Each App client has a unique Client ID. Your Client ID is used to identify your app client within your Privy app, and is used to initialize the PrivyProvider in your frontend for that specific client.
Webhooks
INFO
Webhooks is currently an Enterprise tier feature. Reach out to our team if you wish to have webhooks enabled for your applications!
Webhooks allow you to specify a backend endpoint that Privy will call with a signed payload whenever a user makes an action in your application, such as logging in, or linking a new account. As soon as you register an endpoint, Privy will start sending subscribed events in near real-time.
Registering an endpoint
In your backend, create a new endpoint that will accept POST requests from Privy
TIP
When creating your endpoint to receive webhook events, always verify the payload signature by following our @privy-io/server-auth webhook documentation.
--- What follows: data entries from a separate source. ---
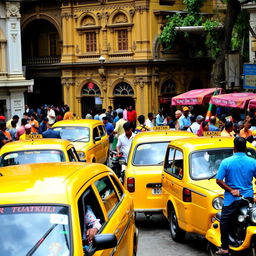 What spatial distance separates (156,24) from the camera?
3550cm

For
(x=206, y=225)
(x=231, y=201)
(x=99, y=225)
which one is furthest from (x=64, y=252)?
(x=206, y=225)

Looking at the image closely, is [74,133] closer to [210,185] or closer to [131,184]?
[131,184]

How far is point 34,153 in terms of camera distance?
40.3 ft

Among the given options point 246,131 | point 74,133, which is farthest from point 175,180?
point 74,133

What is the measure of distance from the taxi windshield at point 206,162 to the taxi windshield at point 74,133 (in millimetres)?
8071

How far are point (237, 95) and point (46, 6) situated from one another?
67.8 ft

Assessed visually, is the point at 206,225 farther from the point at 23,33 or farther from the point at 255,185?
the point at 23,33

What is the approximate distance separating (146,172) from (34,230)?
624cm

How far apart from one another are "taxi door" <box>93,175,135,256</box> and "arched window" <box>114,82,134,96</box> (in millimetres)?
28413

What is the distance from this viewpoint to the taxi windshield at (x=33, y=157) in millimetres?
12055

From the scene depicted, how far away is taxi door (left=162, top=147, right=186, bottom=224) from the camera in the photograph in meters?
9.98

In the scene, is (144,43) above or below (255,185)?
above

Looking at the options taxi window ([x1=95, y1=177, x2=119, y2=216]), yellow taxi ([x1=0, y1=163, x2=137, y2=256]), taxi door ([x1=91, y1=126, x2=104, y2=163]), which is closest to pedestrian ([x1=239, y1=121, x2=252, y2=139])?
taxi door ([x1=91, y1=126, x2=104, y2=163])

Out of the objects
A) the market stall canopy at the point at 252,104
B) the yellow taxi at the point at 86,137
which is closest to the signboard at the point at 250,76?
the market stall canopy at the point at 252,104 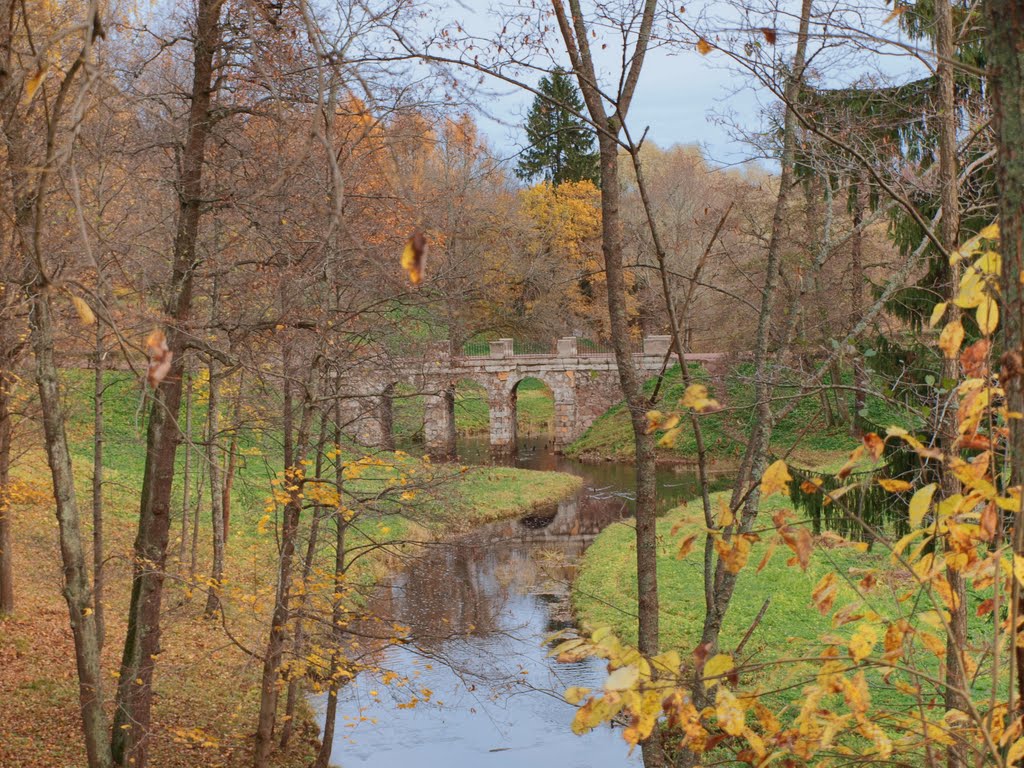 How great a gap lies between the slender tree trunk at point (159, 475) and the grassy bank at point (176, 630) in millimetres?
370

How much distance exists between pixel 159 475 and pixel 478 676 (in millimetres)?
3554

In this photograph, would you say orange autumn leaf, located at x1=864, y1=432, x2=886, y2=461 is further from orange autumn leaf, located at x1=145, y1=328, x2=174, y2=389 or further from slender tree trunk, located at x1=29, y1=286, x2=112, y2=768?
slender tree trunk, located at x1=29, y1=286, x2=112, y2=768

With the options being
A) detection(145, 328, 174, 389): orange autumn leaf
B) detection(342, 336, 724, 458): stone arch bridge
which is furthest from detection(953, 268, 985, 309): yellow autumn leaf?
detection(342, 336, 724, 458): stone arch bridge

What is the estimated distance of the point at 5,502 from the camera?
12.5 meters

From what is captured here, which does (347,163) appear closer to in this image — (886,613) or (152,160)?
(152,160)

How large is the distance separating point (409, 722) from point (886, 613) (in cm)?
771

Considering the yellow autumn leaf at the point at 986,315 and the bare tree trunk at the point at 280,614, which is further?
the bare tree trunk at the point at 280,614

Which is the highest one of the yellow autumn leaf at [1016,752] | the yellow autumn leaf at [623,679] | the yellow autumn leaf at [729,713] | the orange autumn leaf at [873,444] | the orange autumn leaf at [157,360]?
the orange autumn leaf at [157,360]

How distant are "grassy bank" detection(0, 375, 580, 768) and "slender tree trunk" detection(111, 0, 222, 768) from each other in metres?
0.37

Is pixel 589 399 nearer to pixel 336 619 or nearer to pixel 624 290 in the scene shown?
pixel 336 619

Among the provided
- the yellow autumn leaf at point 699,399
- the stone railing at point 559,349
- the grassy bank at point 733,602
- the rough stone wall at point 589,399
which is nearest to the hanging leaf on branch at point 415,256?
the yellow autumn leaf at point 699,399

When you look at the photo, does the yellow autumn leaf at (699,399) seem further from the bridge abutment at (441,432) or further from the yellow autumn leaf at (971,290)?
the bridge abutment at (441,432)

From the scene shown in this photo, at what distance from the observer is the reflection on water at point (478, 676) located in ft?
40.3

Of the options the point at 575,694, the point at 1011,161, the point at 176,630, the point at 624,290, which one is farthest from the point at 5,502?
the point at 1011,161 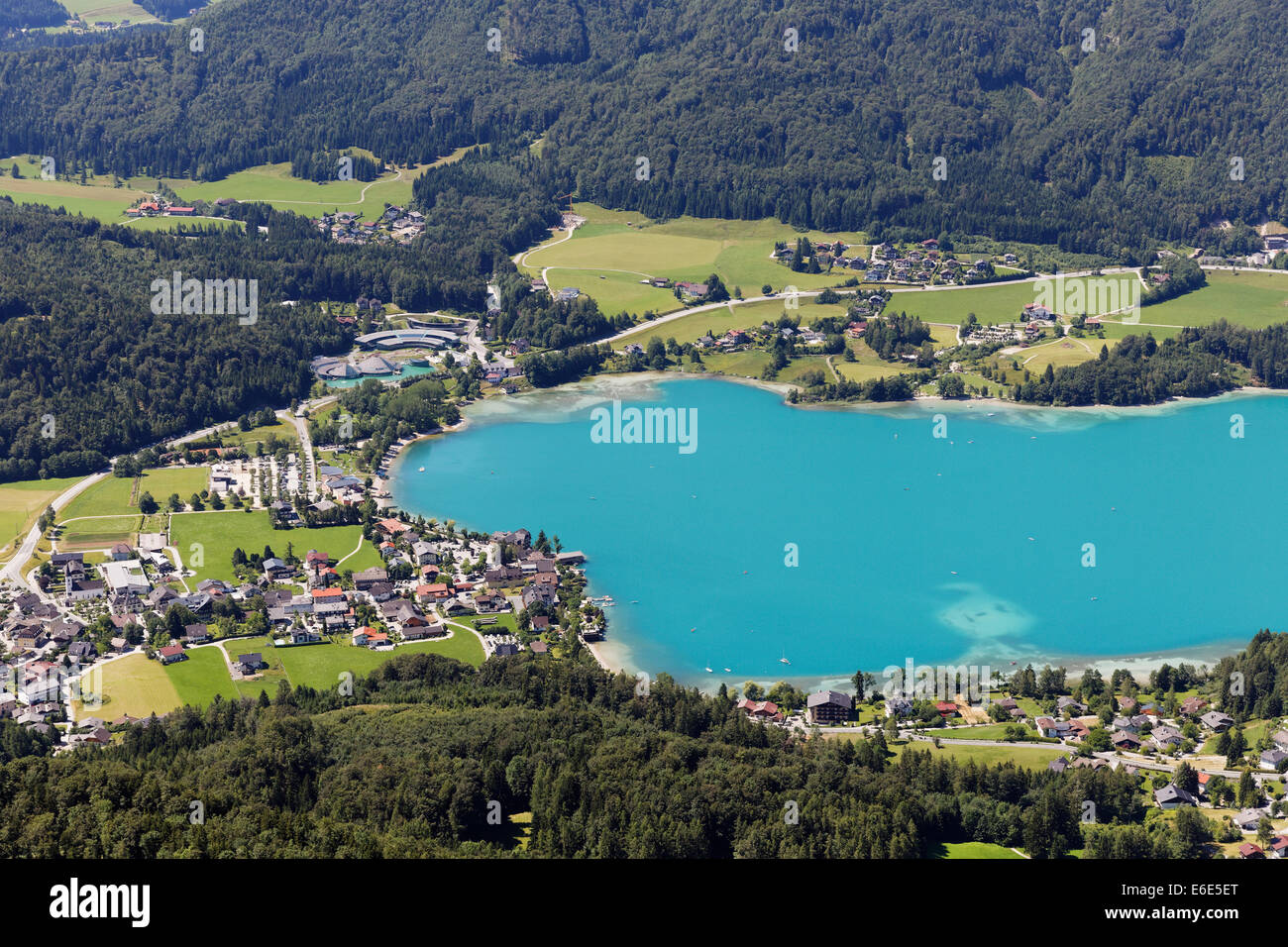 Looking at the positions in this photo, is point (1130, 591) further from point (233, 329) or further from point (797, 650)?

In the dashboard settings page, go to the webhooks tab
Add your new endpoint as the destination URL and select any event types you'd like to be notified for
You can specify which user events your webhook endpoint will be notified about. The options are as follows:
| Event Name | Type | Action |
|---|---|---|
| User created | user.created | A user was created in the application. |
| User authenticated | user.authenticated | A user successfully logged into the application. |
| User linked account | user.linked_account | A user successfully linked a new login method. |
| User unlinked account | user.unlinked_account | A user successfully unlinked an existing login method. |
| User updated account | user.updated_account | A user successfully updates the email or phone number linked to their account. |
That's it! You've successfully configured webhooks for your app. 🎉
Webhook example payloads
Webhook payloads have two different formats. Both formats include a user object that is the same structure as what the user REST API returns. For webhook events that involve an account change, we will include an account object that represents the changed account. For example, in a user.unlinked_account event, the account value will be the account that was just removed, so it will no longer exist on the user.
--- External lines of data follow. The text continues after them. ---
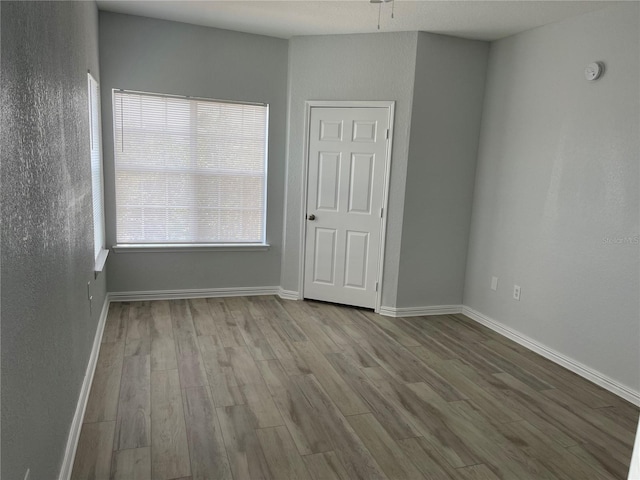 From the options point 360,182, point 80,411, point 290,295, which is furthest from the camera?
point 290,295

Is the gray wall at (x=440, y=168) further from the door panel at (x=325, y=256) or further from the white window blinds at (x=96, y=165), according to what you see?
the white window blinds at (x=96, y=165)

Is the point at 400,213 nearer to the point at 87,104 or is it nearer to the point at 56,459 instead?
the point at 87,104

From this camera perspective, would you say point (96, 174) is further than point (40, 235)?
Yes

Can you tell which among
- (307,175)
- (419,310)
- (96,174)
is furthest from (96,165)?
(419,310)

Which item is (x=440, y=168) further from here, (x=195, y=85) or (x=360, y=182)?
(x=195, y=85)

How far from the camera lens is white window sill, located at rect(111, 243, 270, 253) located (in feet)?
14.2

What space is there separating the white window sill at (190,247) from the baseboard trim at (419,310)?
1370 mm

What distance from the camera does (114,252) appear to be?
169 inches

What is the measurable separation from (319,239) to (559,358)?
229 centimetres

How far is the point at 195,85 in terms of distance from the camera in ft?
14.1

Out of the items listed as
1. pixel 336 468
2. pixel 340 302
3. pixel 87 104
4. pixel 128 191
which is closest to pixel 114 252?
pixel 128 191

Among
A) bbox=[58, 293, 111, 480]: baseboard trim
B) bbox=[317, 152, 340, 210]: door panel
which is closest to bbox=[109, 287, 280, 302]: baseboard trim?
bbox=[58, 293, 111, 480]: baseboard trim

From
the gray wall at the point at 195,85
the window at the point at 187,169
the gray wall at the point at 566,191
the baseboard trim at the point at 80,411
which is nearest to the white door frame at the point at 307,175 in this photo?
the gray wall at the point at 195,85

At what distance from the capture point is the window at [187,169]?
4238 millimetres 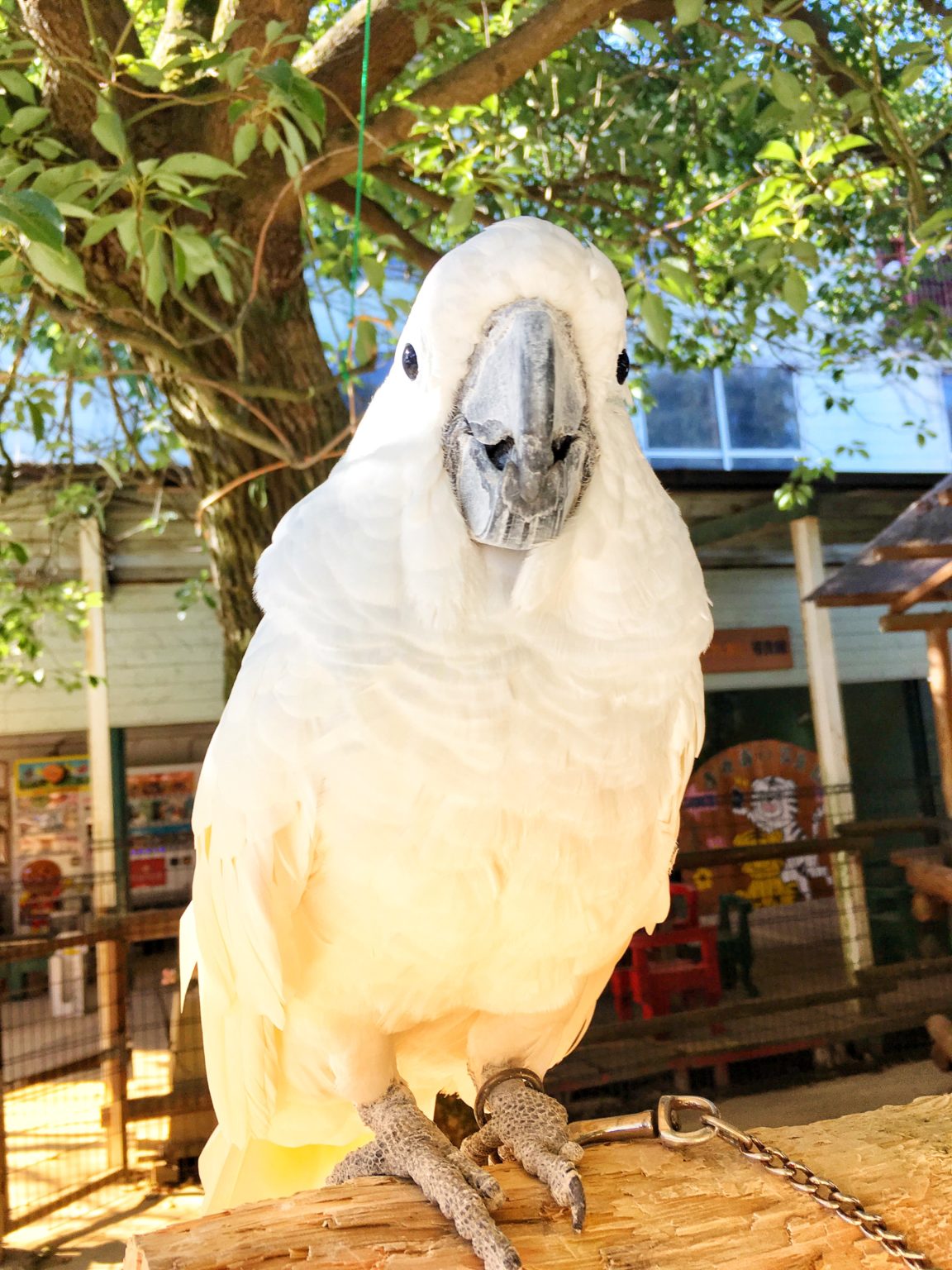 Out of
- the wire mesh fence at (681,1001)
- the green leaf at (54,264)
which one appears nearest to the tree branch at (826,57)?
the green leaf at (54,264)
Example payload for user.created:
json
{ "type": "user.created", "user": { "created_at": 969628260, "has_accepted_terms": false, "id": "did:privy:cfbsvtqo2c22202mo08847jdux2z", "is_guest": false, "linked_accounts": [ { "address": "[emailprotected]", "first_verified_at": 969628260, "latest_verified_at": 969628260, "type": "email", "verified_at": 969628260 } ], "mfa_methods": [] }}Example payload for user.authenticated, user.linked_account, user.unlinked_account, and user.updated_account:
json
{ "type": "user.authenticated", "account": { "address": "[emailprotected]", "first_verified_at": 969628260, "latest_verified_at": 969628260, "type": "email", "verified_at": 969628260 }, "user": { "created_at": 969628260, "has_accepted_terms": false, "id": "did:privy:cfbsvtqo2c22202mo08847jdux2z", "is_guest": false, "linked_accounts": [ { "address": "[emailprotected]", "first_verified_at": 969628260, "latest_verified_at": 969628260, "type": "email", "verified_at": 969628260 } ], "mfa_methods": [] }}Example payload for privy.test (test webhooks sent by the dashboard):
json
{ "type": "privy.test", "message": "Hello, World!"}Webhook signing key
The webhook signing key is necessary to verify that the payloads sent to your endpoint are from Privy. Follow the steps here in order to set up webhook verification in your backend.
Testing the webhook endpoint
Clicking the Test endpoint button once webhooks are configured for your application will trigger a test webhook to be sent to your endpoint of type privy.test with a string payload. You can use this to verify that your webhook endpoint is successfully receiving payloads from Privy.
Advanced
Enable CAPTCHA and Android key hashes in advanced settings.